Eu estava deitado no sofá, quando aquela cabeça assomou por sobre a porta de baixo, da entrada da casa e, depois da pergunta, ficou me encarando, interrogativa. O homem estava do lado de fora da casa, posicionado uns dois batentes abaixo do umbral daquela porta no velho estilo saia & blusa.

Corria o ano de 1974, contava eu então 19 anos de idade e estava passando férias da faculdade em casa de minha mãe, em Campina Grande, na Avenida Getúlio Vargas, 447, centro.

O homem, relativamente jovem, era gente das mais simples. Vai ver, um serviçal doméstico, e – mas não exatamente por isso --, sem a menor chance de suspeitar que suas palavras acabavam de ser importante vetor no destino de uma vida. O pintor no qual eu, incertamente sonhava me tornar um dia, acabara de ser convocado por ele, de uma forma clara, inequívoca, carregada de convicção. Aquela certeza me contagiou e me emprestou suficiente coragem para, pegando na palavra, responder:

-- Aqui mesmo. Sou eu!

Ele trouxera um recado da d. Lisete (a quem conhecíamos por ser amiga de nossa mãe), que queria contratar um trabalho, e naquele momento estava esperando por mim, um mero estudante de Arte, em sua casa – não muito distante dali – para acertar os detalhes. Ele deu o recado e se foi. Logo em seguida, ainda surpreso com aquilo, coração agitado, parti no rumo daquele endereço, descendo pela calçada da rua. Passei a Mercearia de Seu Adauto, cruzei a Rua Indios Cariris, passei na frente do Cine Avenida, no quarteirão seguinte, dobrei à esquerda na Rua Siqueira Campos, e logo me encontrava diante da casa.

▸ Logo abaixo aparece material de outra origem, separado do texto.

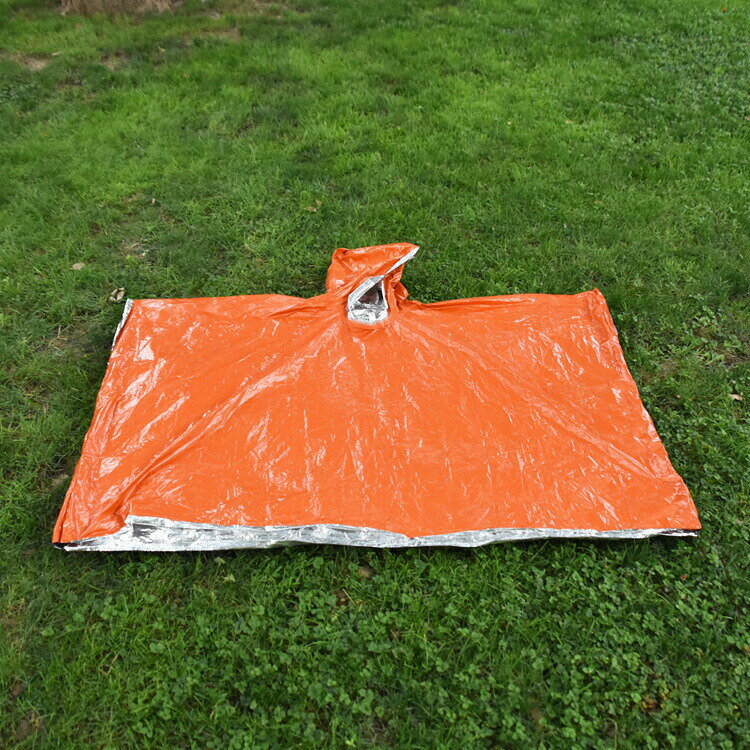 BACKYARD FAMILY インテリアタウンのレインポンチョ レインコート カッパ 雨合羽 メンズ レディース フード付き 雨具 防寒具 アウトドア キャンプ 登山 非常時 防災 サバイバル 持ち歩き 便利 プルオーバー｜アングル3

D. Lisete me fez entrar, e, ali mesmo, no jardim, fez a primeira pergunta: se eu sabia mesmo como fazer retratos a óleo. Acontece que, naquele momento, eu me achava ainda contaminado pela dose de autoconfiança, há pouco inoculada, e com isso, passei a responder afirmativamente aos questionamentos sobre minha capacidade artística. Me lembro de vê-la parar, depois de preenchido seu questionário de dúvidas, e me examinar em silêncio por algum instante, antes de entrar na casa para buscar a fotografia em tamanho 3x4 do falecido. De volta, perguntou: ‘’Você acha que dá para fazer por aqui?’’

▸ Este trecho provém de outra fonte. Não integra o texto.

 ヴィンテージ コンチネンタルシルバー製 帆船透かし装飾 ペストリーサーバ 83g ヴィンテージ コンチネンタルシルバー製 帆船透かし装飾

Era o pai do marido dela, Seu Arnóbio, numa foto antiga e semiapagada. A mulher logo me explicou que estava preparando uma surpresa para o dia do aniversário de seu marido, em data próxima. Ela conhecia bem o tipo de apego que unia Gonzaga, gerente de uma transportadora, à memória paterna. Seria uma enorme surpresa para o filho de Seu Arnóbio, isso a mulher fez questão de salientar. Pelo que dela ouvi, e pelo que ouviria depois do próprio Gonzaga, posso afirmar sem receios que a ligação afetiva que ele mantinha com seu pai em nada devia àquelas que Amadeus Mozart, William Turner, ou o Arquiteto Germano Romero, haviam, pela vida inteira, mantido com seus respectivos progenitores. Mais que amor, veneração.

Minha mãe me adiantou o dinheiro para comprar tela e tintas, e nessa altura, é preciso explicar que, por aqueles dias, eu até já havia participado de uma primeira Exposição Coletiva de Artes Plásticas na Capital, ao lado dos colegas Dalberto Henriques, Bruno Steinbach, Elpídio Dantas, Guilherme Lira, Marcos Pinto, Antonio Lucena e Sandoval Nóbrega, embora tudo que eu tivesse feito até então com pincéis e tintas não fosse mais que algumas pinturas cubistas, alguns pastiches naquela linha mais Picassiana possível, estando portanto ainda bastante longe de possuir o traquejo técnico suficiente para pintar um retrato a óleo, cuja fatura exige do artista não apenas domínio de recursos pictóricos, mas também da sutileza presente em convenções sociais desse tipo. Desenhar eu bem que sabia, sim, e por isto estava ali. Havia feito um retrato, 10 ou 12 anos atrás, quando era apenas um menino e morava em Patos-Pb. Naquela ocasião, porém, fazendo uso exclusivo de lápis grafite sobre papel cartolina.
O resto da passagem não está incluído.